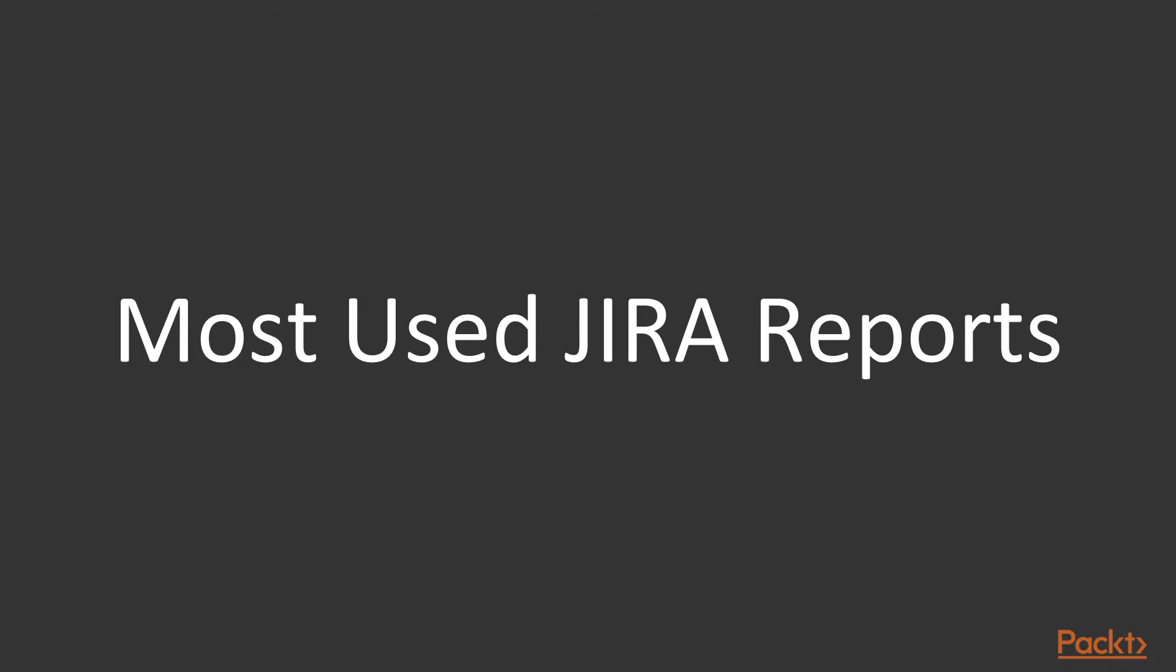In this video, we will be looking at these different Jira reports that can be generated based on different parameters and explore how and where we can use such reports in our project.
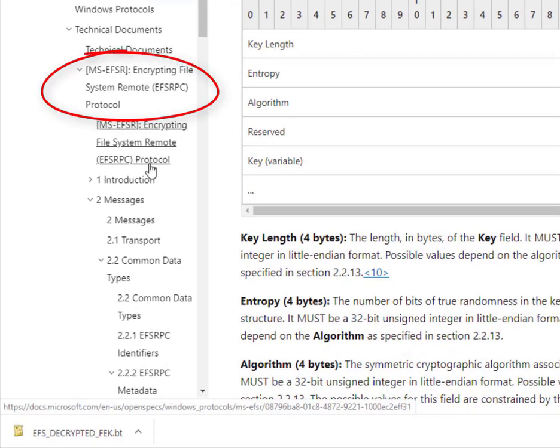So what is EFS RPC? You can think of EFS RPC as a protocol that works on top of SMB. It's typically used when you want to access encrypted files over a network.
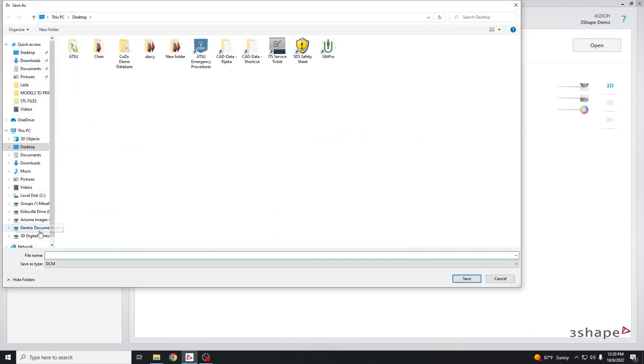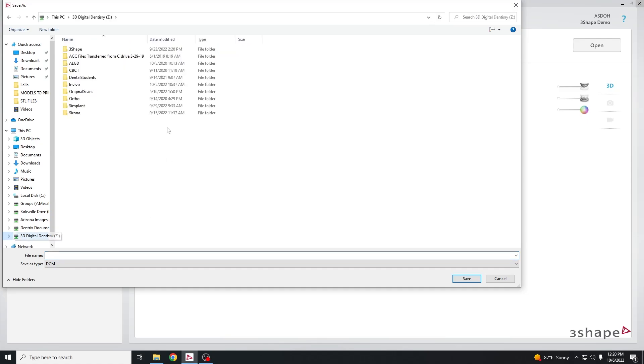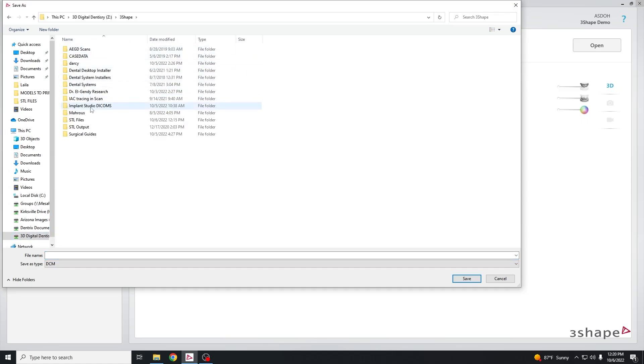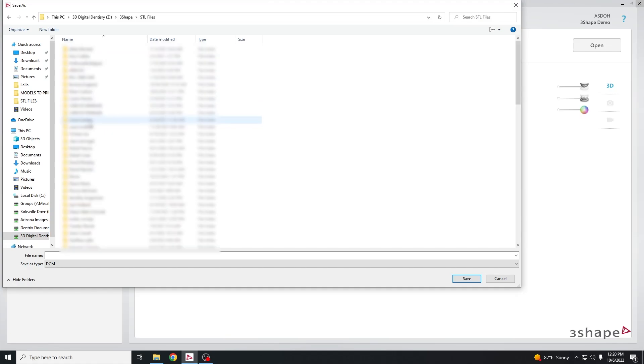Choose the Z drive and click on 3Shape STL files. This is the folder that will be saving your internal scan files to.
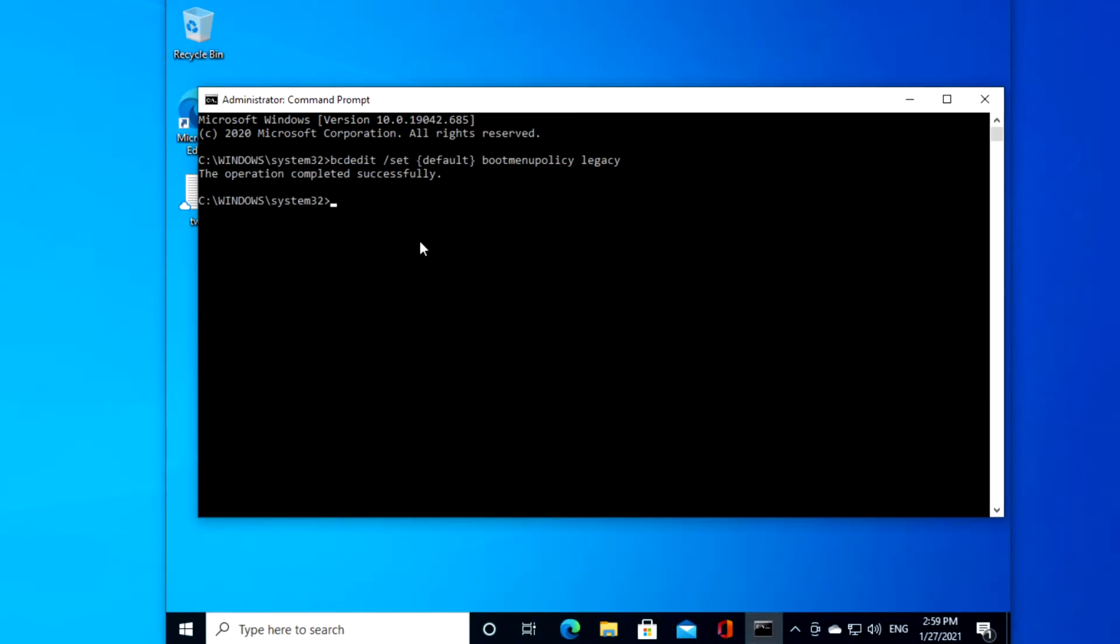To ensure that the computer boots into safe mode when you press F8, first make sure that you've closed all applications that are open. Open the command prompt as an administrator.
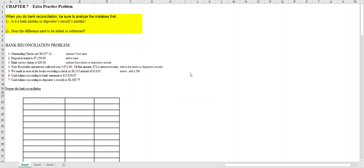Hello, this is Connie Belden. In this video we're going to take a look at preparing a bank reconciliation and its journal entries. This is an extra practice problem that I made up that is included with your chapter 7B set answers, so you can look at it there as well.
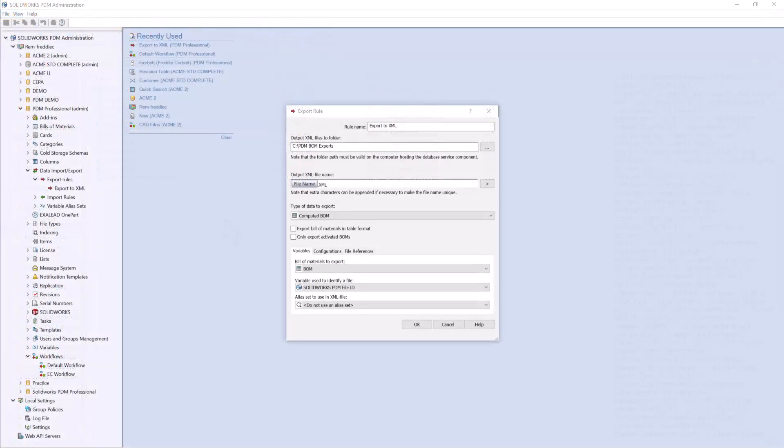In this video, we were able to see how to create an export rule that can be implemented into our workflow to automatically generate XML files outside of our vault for use in an outside system. If you like this video, please be sure to check out our YouTube channel.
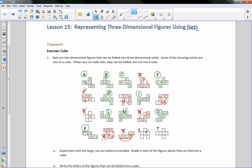If this is my bottom, this would be my right side, my left side, my back side. Fold these up, and these would both be front sides. We would have no top on this and the side overlapping. So S is not a net.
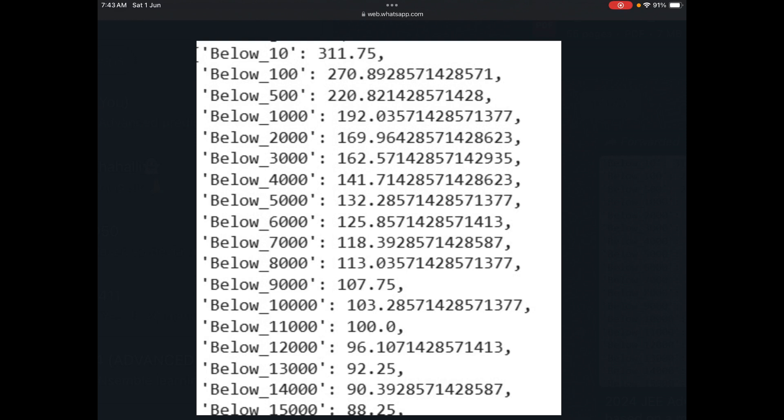These are the rank predictions. As you can see, below rank 10 is 311.75 marks. We can't predict much about this; it could even be full marks.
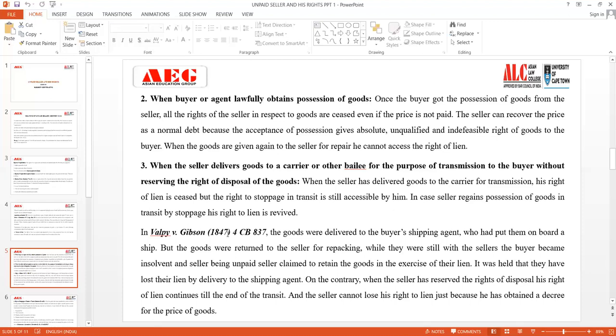In Valpy v. Gibson, the goods were delivered to the buyer's shipping agent who had put them on board a ship, but the goods were returned to the seller for repackaging. While still with the seller, the buyer became insolvent and the seller retained the goods exercising their lien. It was held that they had lost their lien by delivery to the shipping agent. On the contrary, when the seller has reserved the right of disposal, his right of lien continues till the end of transit.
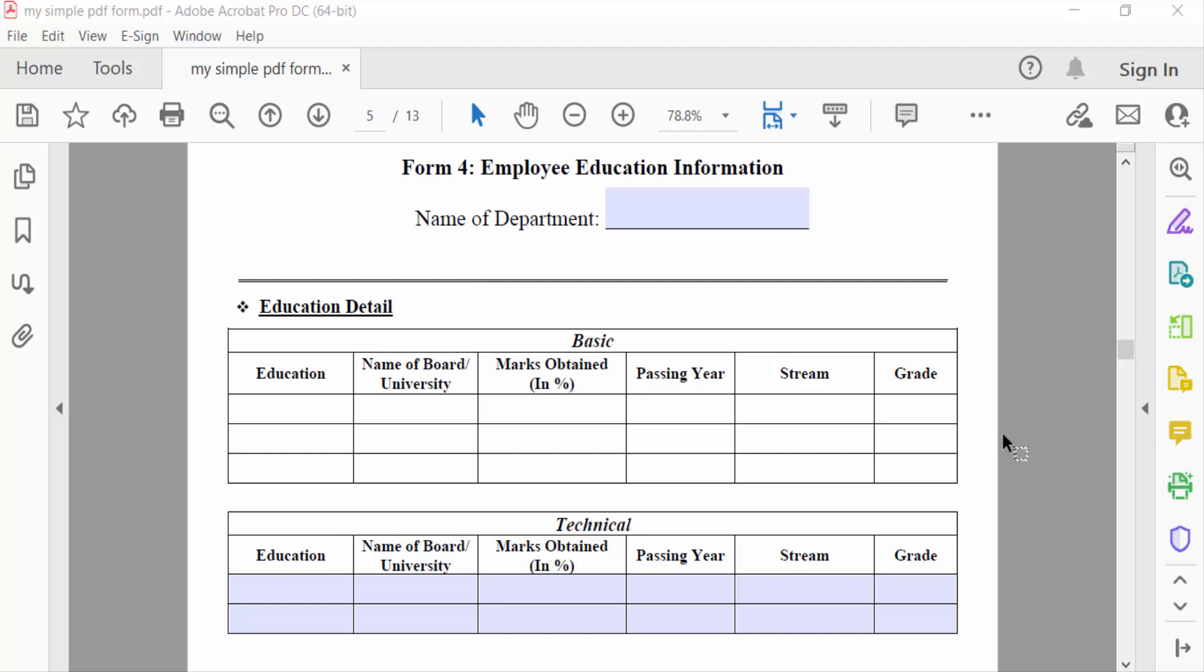Hello everyone, assalamualaikum. In this PDF tutorial today, I'll show you how to add a drop-down list in a fillable PDF form using Adobe Acrobat Pro DC. So let's get started. I open a fillable PDF form and I want to add a drop-down list in here.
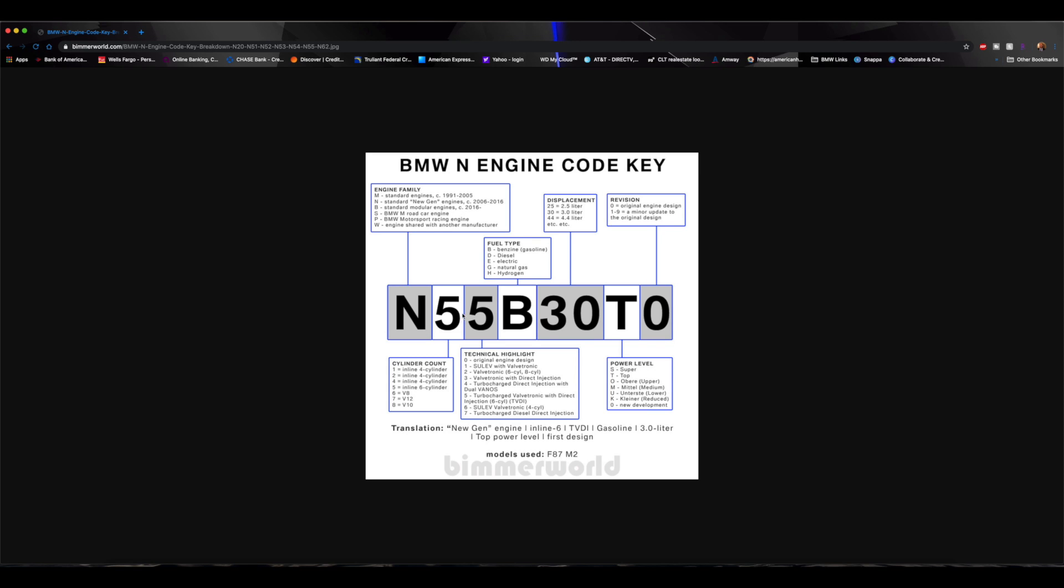So the next letter is going to be cylinder count. So the number, even though it isn't a five cylinder, it's a six cylinder, but if you look down here on the chart, if it's a four cylinder it's a one or four cylinder could be a two or four, and then a six cylinder is a five. So that's what that five indicates. If it's a V8 it's going to be a six, if it's a V12 it's a seven, and V10 is going to be eight.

• Exercise goal
In the listing above, find the line with "So what is EFS" and the line with "In this video, we were". Copy exactly those lines and all between them, minus the images.

• Answer to this task
So what is EFS RPC? You can think of EFS RPC as a protocol that works on top of SMB. It's typically used when you want to access encrypted files over a network.
Choose the Z drive and click on 3Shape STL files. This is the folder that will be saving your internal scan files to.
To ensure that the computer boots into safe mode when you press F8, first make sure that you've closed all applications that are open. Open the command prompt as an administrator.
Hello, this is Connie Belden. In this video we're going to take a look at preparing a bank reconciliation and its journal entries. This is an extra practice problem that I made up that is included with your chapter 7B set answers, so you can look at it there as well.
In this video, we were able to see how to create an export rule that can be implemented into our workflow to automatically generate XML files outside of our vault for use in an outside system. If you like this video, please be sure to check out our YouTube channel.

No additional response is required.